START INPUT DATA

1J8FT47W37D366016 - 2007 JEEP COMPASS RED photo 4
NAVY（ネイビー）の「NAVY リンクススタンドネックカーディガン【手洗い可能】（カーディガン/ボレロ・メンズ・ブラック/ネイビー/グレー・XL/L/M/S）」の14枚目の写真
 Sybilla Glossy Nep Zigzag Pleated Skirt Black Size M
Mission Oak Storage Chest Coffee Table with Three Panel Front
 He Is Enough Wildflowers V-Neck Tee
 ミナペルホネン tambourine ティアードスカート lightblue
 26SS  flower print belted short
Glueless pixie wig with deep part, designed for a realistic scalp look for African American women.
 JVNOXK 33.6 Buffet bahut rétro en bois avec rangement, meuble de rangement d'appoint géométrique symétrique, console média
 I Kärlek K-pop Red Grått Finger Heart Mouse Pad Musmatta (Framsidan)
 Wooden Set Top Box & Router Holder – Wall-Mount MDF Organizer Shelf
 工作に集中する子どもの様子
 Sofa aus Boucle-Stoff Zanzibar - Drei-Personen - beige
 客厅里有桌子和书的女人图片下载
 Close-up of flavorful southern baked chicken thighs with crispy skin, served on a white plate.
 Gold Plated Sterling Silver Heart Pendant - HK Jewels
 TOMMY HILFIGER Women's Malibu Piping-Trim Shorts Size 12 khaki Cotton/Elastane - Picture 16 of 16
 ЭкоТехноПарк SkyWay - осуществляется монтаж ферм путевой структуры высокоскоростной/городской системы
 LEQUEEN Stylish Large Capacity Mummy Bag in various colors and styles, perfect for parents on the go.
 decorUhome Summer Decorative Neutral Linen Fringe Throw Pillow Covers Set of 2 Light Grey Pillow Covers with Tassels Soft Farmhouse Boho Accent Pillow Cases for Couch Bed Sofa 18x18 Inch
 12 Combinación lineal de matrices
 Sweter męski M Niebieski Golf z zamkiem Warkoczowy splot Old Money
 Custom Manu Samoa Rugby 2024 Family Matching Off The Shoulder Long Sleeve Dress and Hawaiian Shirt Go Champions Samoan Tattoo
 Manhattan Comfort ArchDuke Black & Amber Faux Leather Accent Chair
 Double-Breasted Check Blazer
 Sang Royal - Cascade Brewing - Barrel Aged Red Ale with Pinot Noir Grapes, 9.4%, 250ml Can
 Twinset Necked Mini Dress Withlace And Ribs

END INPUT DATA

The span to print begins at the line containing "TOMMY HILFIGER Women's" and ends at the final line of the entries; print it exactly and print nothing else.

 TOMMY HILFIGER Women's Malibu Piping-Trim Shorts Size 12 khaki Cotton/Elastane - Picture 16 of 16
 ЭкоТехноПарк SkyWay - осуществляется монтаж ферм путевой структуры высокоскоростной/городской системы
 LEQUEEN Stylish Large Capacity Mummy Bag in various colors and styles, perfect for parents on the go.
 decorUhome Summer Decorative Neutral Linen Fringe Throw Pillow Covers Set of 2 Light Grey Pillow Covers with Tassels Soft Farmhouse Boho Accent Pillow Cases for Couch Bed Sofa 18x18 Inch
 12 Combinación lineal de matrices
 Sweter męski M Niebieski Golf z zamkiem Warkoczowy splot Old Money
 Custom Manu Samoa Rugby 2024 Family Matching Off The Shoulder Long Sleeve Dress and Hawaiian Shirt Go Champions Samoan Tattoo
 Manhattan Comfort ArchDuke Black & Amber Faux Leather Accent Chair
 Double-Breasted Check Blazer
 Sang Royal - Cascade Brewing - Barrel Aged Red Ale with Pinot Noir Grapes, 9.4%, 250ml Can
 Twinset Necked Mini Dress Withlace And Ribs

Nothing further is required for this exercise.